Gwiazda "Świat według Bundych" zmaga się z kolejną chorobą. "Jestem uwięziona w ciemności"
Znana z kultowego już serialu "Świat według Bundych" Christina Applegate zmaga się z poważnym schorzeniem, jakim jest stwardnienie rozsiane. Teraz aktorka przyznaje, że cierpi również na inną chorobę. Jej słowa zasmuciły fanów.
Christina Applegate o swoim stanie zdrowia. "Nic mnie nie cieszy"
52-letnia aktorka Christina Applegate wyznała, że z powodu stwardnienia rozsianego cierpi obecnie na depresję. Celebrytka przyznała, że choroba wróciła do niej po ponad 20 latach. Applegate była zmuszona zakończyć swoją aktorską karierę i obecnie jest współautorką podcastu "MeSsy", który prowadzi razem z Jame-Lynn Sigler, aktorką grającą w "Rodzinie Soprano", która również zmaga się z tą samą chorobą. Podczas jednego z odcinków Applegate wyznała, że cały czas czuje się obolała i zmęczona. Zmaga się z prostymi, codziennymi czynnościami, które jeszcze nie tak dawno temu przychodziły jej automatycznie.
Jestem teraz uwięziona w ciemności, której nie czułam od prawdopodobnie 20-kilku lat. [...] Nie cieszy mnie już życie. Nic mnie nie cieszy
- wyznaje aktorka.
Jak jednak przyznaje, udało się jej osiągnąć "mały sukces". Celebrytka podjęła decyzję o skontaktowaniu się z terapeutą i umówieniu się na spotkanie. Przyznaje jednak, że obawia się terapii i diagnozy. Jak twierdzi, jest przerażona tym, jaka może być jej reakcja i wie, że "wybuchnie niekontrolowanym płaczem".
Mówię szczerze… nie podoba mi się życie [...] Nie sprawia mi ono przyjemności. Nie cieszą mnie już żadne rzeczy
- powiedziała w podcaście.
Christina Applegate o chorobie. "To najgorsza rzecz"

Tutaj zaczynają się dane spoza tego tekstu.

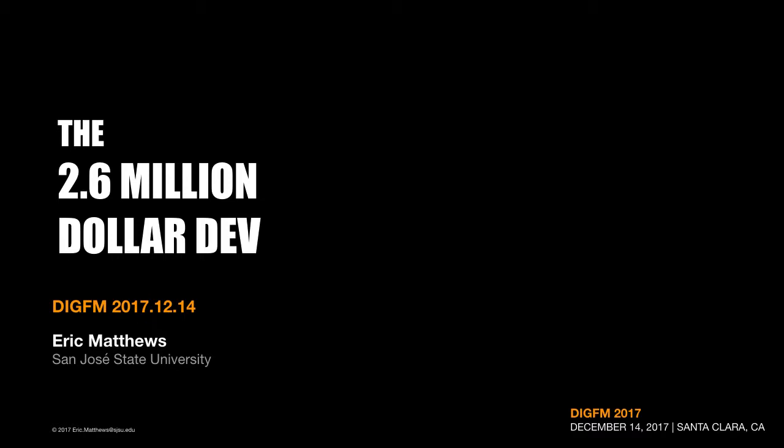The title is a play on this old 70s television series called The Six Million Dollar Man. 'Dev' — that's either short for developer or development. Either way, this presentation is primarily about a single FileMaker developer supposedly implementing $2.6 million worth of features in a single development project in less than one year.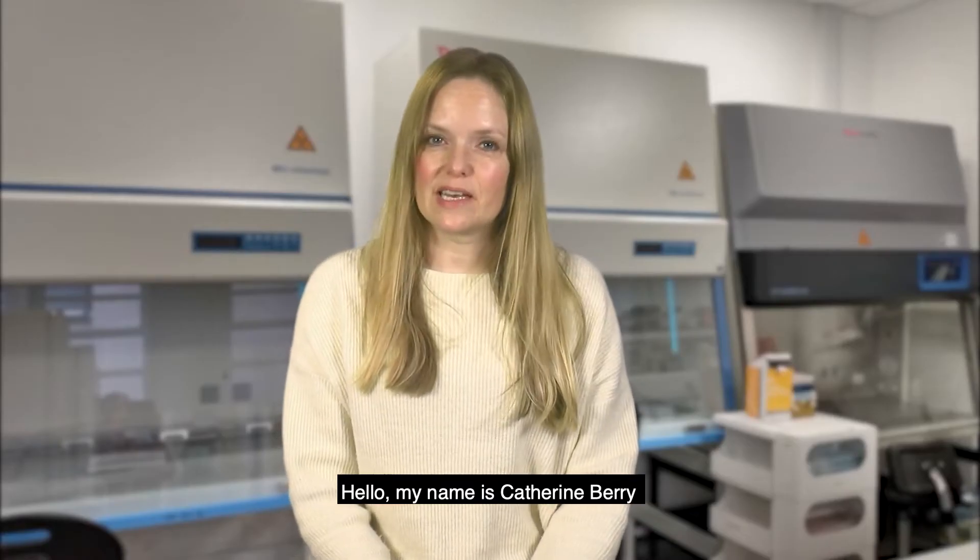Hello, my name is Catherine Berry and I'm a Senior Lecturer within the Centre for the Cellular Microenvironment at the University of Glasgow.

Christina Applegate ogłosiła swoją chorobę w 2021 roku. Gwiazda cierpi z powodu stwardnienia rozsianego. Jest to choroba autoimmunologiczna, która atakuje centralny układ nerwowy. Może skutkować postępującym upośledzeniem fizycznym i poznawczym.
Nie jest to jednak pierwsza poważna choroba, z którą zmaga się aktorka. W 2008 roku zdiagnozowano u niej raka piersi, co spowodowało, że musiała aktywnie walczyć z nowotworem. Celebrytka postanowiła nawet założyć organizację Right Action for Women, której zadaniem miała być edukacja o zagrożeniach płynących z raka piersi i niezbędnej profilaktyce.
Teraz Christina Applegate głośno mówi o swojej walce ze stwardnieniem rozsianym. Szczerze przyznaje, że nie raz myślała o tym, żeby się poddać i po prostu leżeć w łóżku i spać cały czas. W swoim podcaście wyjaśniła, że odczuwa silny ból w nogach. Mówi, że nie może iść nawet do łazienki bez uczucia, że zaraz upadnie. Wyznała również, że cały czas czuje mrowienie, które promieniuje w dół od pośladka. Gwiazda mówi, że jest to niezwykle bolesne. Jak wyznaje jej obecny stan zdrowia jest "najgorszą rzeczą, jaka wydarzyła się w jej życiu".